Mag ik u voorstellen...

1 stok(ken) achter de deur

'Schrijven is als een baan voor mij, ik heb geen enkele rare gewoonte. (...) Je gaat gewoon naar je werktafel toe, en je doet het.' Aan het woord is Salman Rushdie. Schrijven is niet magisch, vindt de winnaar van The Best of the Booker Prize, schrijven is gewoon een kwestie van doen.

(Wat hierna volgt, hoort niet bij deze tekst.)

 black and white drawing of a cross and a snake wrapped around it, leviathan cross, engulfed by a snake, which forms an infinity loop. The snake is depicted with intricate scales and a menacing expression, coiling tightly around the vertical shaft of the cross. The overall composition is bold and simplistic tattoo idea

Ik ben het hier absoluut mee eens. Daarom heb ik ook een werkplek gehuurd – een kantoor vol zwoegende collega's smoort het dolce far niente hopelijk in de kiem. Als ik faal, dan zal het niet liggen aan nietsdoen. Want van zitten ga je niet alleen schrijven; je begínt er ook echt aan. En dat begin schrikte mij af. Ik had al een beginnetje in mijn notitieboek, een beginnetje dat ik maakte toen mijn plot op dertien oktober aanklopte. Maar ik had niets staan dat tot het A4'tje kan leiden dat de Bij binnenkort wil ontvangen.

Met de grootst mogelijke tegenzin wendde ik vanmiddag mijn blik af van het porseleinen poppengezichtje van mijn nichtje en sloeg mijn Asus Eee open. Eerst schreef ik: ROMAN. Maar ik voelde iets blokkeren vanbinnen dus drukte snel op delete, en tikte traag: CENTRALE VRAGEN. De vijf w's, lekker gestructureerd. Ik begon met wie.

Wie? ... Shit.
Ik had nog geen naam. En hoewel ik al langer besef dat ik de doop als de duivel ontwijk, drong het toen pas tot me door hoe eng ik die doop vond.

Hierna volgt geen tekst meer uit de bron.